In [None]:
# 必要なライブラリをインポート
import torch
import torch.nn as nn
import torch.optim as optim
from torch.utils.data import DataLoader
import pandas as pd
import numpy as np
import logging
from tqdm import tqdm
import matplotlib.pyplot as plt
from pathlib import Path
import warnings
warnings.filterwarnings('ignore')
import seaborn as sns
from sqlalchemy import create_engine, text
import torch.nn.functional as F

# 自作モジュールをインポート
from _dataset import HorguesDataset
from _models import HorguesModel
from horgues3.losses import HorguesLoss
from horgues3.odds import get_odds_dataframes
from horgues3.haraimodoshi import get_haraimodoshi_dataframes
from horgues3.database import create_database_engine

In [None]:
# ログ設定
logging.basicConfig(level=logging.INFO, format='%(asctime)s - %(levelname)s - %(message)s')
logger = logging.getLogger(__name__)

In [None]:
# デバイス設定
device = torch.device('cuda:0')
logger.info(f"使用デバイス: {device}")

In [None]:
# 学習パラメータ設定
BATCH_SIZE = 128

In [None]:
checkpoint = torch.load('outputs/best_model.pth', map_location='cpu')

In [None]:
# 学習期間・検証期間設定
START_DATE = '20230101'
END_DATE = '20231231'

logger.info(f"期間: {START_DATE} - {END_DATE}")

In [None]:
# データセットの作成
logger.info("データセットを作成中...")
dataset = HorguesDataset(
    start_date=START_DATE,
    end_date=END_DATE,
    preprocessing_params=checkpoint['preprocessing_params'],
    cache_dir='cache/test',
    use_cache=True
)

logger.info(f"データサイズ: {len(dataset)}")

In [None]:
loader = DataLoader(
    dataset,
    batch_size=BATCH_SIZE,
    shuffle=False,
    num_workers=4,
    pin_memory=True
)

In [None]:
# モデル設定の取得
model_config = checkpoint['model_config']
logger.info(f"数値特徴量数: {len(model_config['numerical_features'])}")
logger.info(f"カテゴリ特徴量数: {len(model_config['categorical_features'])}")
logger.info(f"時系列データ: {model_config['sequence_names']}")

In [None]:
# モデルの作成
model = HorguesModel(
    sequence_names=model_config['sequence_names'],
    feature_aliases=model_config['feature_aliases'],
    numerical_features=model_config['numerical_features'],
    categorical_features=model_config['categorical_features'],
).to(device)

In [None]:
model.load_state_dict(checkpoint['model_state_dict'])

In [None]:
race_ids = []
masks = []
targets = []
scores = []

model.eval()
with torch.no_grad():
    pbar = tqdm(loader, desc='Predict')
    for batch in pbar:
        race_ids.extend(batch['race_id'])
        masks.append(batch['mask'])
        targets.append(batch['target'])

        x_num = {k: v.to(device) for k, v in batch['x_num'].items()}
        x_cat = {k: v.to(device) for k, v in batch['x_cat'].items()}
        sequence_data = {}
        for seq_name, seq_data in batch['sequence_data'].items():
            sequence_data[seq_name] = {
                'x_num': {k: v.to(device) for k, v in seq_data['x_num'].items()},
                'x_cat': {k: v.to(device) for k, v in seq_data['x_cat'].items()},
                'mask': seq_data['mask'].to(device)
            }
        mask = batch['mask'].to(device)
        target = batch['target'].to(device)
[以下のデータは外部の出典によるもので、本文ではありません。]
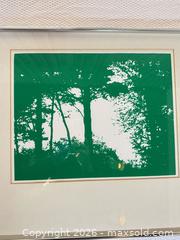 MaxSold Auction: Greg Copeland Framed Print, 1973, 16 x 16 in - Toronto (Ontario, Canada) PARTNER MANAGED Estate Sale Online Auction -Bridle Path Estate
        scores.append(model(x_num, x_cat, sequence_data, mask).cpu())

    masks = torch.cat(masks, dim=0)
    targets = torch.cat(targets, dim=0)
    scores = torch.cat(scores, dim=0)

In [None]:
odds = get_odds_dataframes(START_DATE, END_DATE)
haraimodoshi = get_haraimodoshi_dataframes(START_DATE, END_DATE)

In [None]:
scores.size()

In [None]:
sns.histplot(F.sigmoid(scores[:, :, 2][masks]))
sns.histplot(F.sigmoid(scores[:, :, 1][masks]))
sns.histplot(F.sigmoid(scores[:, :, 0][masks]))

In [None]:
def convert_to_series(tensor, name):
    tmp = pd.DataFrame(tensor, index=race_ids, columns=np.arange(1, 19))
    tmp = tmp.reset_index(names='race_id').melt(id_vars='race_id', var_name='uma_number')
    tmp = tmp.set_index(['race_id', 'uma_number']).value.rename(name)
    return tmp

In [None]:
df = pd.DataFrame(
    {
        'score_0': convert_to_series(F.sigmoid(scores[:, :, 0]), 'score_0'),
        'score_1': convert_to_series(F.sigmoid(scores[:, :, 1]), 'score_1'),
        'score_2': convert_to_series(F.sigmoid(scores[:, :, 2]), 'score_2'),
        'target_0': convert_to_series(targets[:, :, 0], 'target_0'),
        'target_1': convert_to_series(targets[:, :, 1], 'target_1'),
        'target_2': convert_to_series(targets[:, :, 2], 'target_2'),
        'mask': convert_to_series(masks, 'mask'),
    }
)
df = df[df['mask']].sort_index()

In [None]:
df['score_ranking'] = df.groupby('race_id')['score_0'].rank(method='first', ascending=False)

In [None]:
df.head(30)

In [None]:
engine = create_database_engine('pckeiba')

In [None]:
with engine.connect() as conn:
    conn.execute(
        text("""DELETE FROM apd_shisu_2 WHERE shisu_no IN (1, 2, 3)""")
    )
    conn.commit()

In [None]:
with engine.connect() as conn:
    for (
        race_id, uma_number
    ), (
        score_0, score_1, score_2, target_0, target_1, target_2, mask, score_ranking
    ) in df.iterrows():
        for i, score in zip([1, 2, 3], [score_0, score_1, score_2]):
            conn.execute(
                text("""INSERT INTO apd_shisu_2 (
                            shisu_no, kaisai_nen, kaisai_tsukihi, keibajo_code, race_bango, umaban, shisu, juni
                        ) VALUES (
                            :shisu_no, :kaisai_nen, :kaisai_tsukihi, :keibajo_code, :race_bango, :umaban, :shisu, :juni
                        )"""),
                {"shisu_no": i, "kaisai_nen": race_id[0:4], "kaisai_tsukihi": race_id[4:8], "keibajo_code": race_id[8:10],
                 "race_bango": race_id[14:16], "umaban": uma_number, "shisu": score, "juni": score_ranking} 
            )
    conn.commit()